URI and IRI Templating (What did I get myself into?) from Joe Gregorio on 2006-12-22 (uri@w3.org from December 2006)

From: Joe Gregorio <joe@bitworking.org>
Date: Fri, 22 Dec 2006 13:49:29 -0500
To: uri@w3.org
Message-ID: <3f1451f50612221049p24858d1ak280260ee6a9730df@mail.gmail.com>
We have several open issues:

1. Deciding which characters to escape.
2. Reserving some character in template variable names
    for future use, ala ':' for XML namespaces.

While this is a long post, I will only cover the issues involved in #1.

My over-arching goal of URI-Templates, and I believe this is
necessary to make them a success, it to make URI Templates
simple by being opinionated, as Sam described it.
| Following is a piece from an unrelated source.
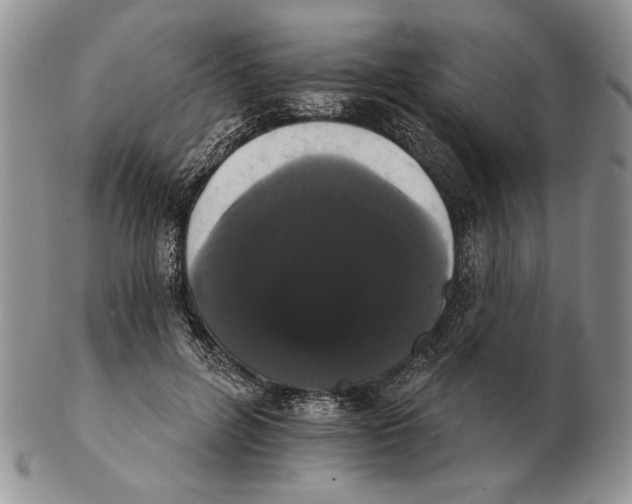 X0000102240600200808221332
   http://lists.w3.org/Archives/Public/uri/2006Oct/0043

== Grounding ==

First let's dispel the notion that you can come up with
the perfect URI-Template to URI translation mechanism
that will always produce a valid URI regardless of the
scheme. That last part, "regardless of the scheme", is the
crux of the problem. While RFC 3986 defines what a
URI looks like, schemes may impose further restrictions. For
example, while

   tel:bitworking.org

matches the ABNF in RFC 3986, it is not a valid tel: URI,
and it never will be.

We have two choices:

1. Define a mechanism that is only guaranteed to meet the UR
    syntax (i.e. RFC 3986), and thus potentially generate
    URIs that are invalid in some schemes.
2. Restrict ourselves to URIs of a particular scheme such
   as http: or mailto:.

Just for reference here is a set of example URIs from RFC 3986:

ftp://ftp.is.co.za/rfc/rfc1808.txt
http://www.ietf.org/rfc/rfc2396.txt
ldap://[2001:db8::7]/c=GB?objectClass?one
mailto:John.Doe@example.com
news:comp.infosystems.www.servers.unix
tel:+1-816-555-1212
telnet://192.0.2.16:80/
urn:oasis:names:specification:docbook:dtd:xml:4.1.2

== Serenedipity ==

As an aside, it turns out that the regular expression given in
Appendix B of RFC 3986 is completely capable of
parsing up URI Templates, but only if the characters
allowed in template variable names are restricted, and
only if template variables are not allowed to span
components.

Here is a Python implementation that uses that regular expression:

URI = re.compile(r"^(([^:/?#]+):)?(//([^/?#]*))?([^?#]*)(\?([^#]*))?(#(.*))?")

def parse_uri(uri):
    """Parses a URI using the regex given in Appendix B of RFC 3986.

        (scheme, authority, path, query, fragment) = parse_uri(uri)
    """
    groups = URI.match(uri).groups()
    return (groups[1], groups[3], groups[4], groups[6], groups[8])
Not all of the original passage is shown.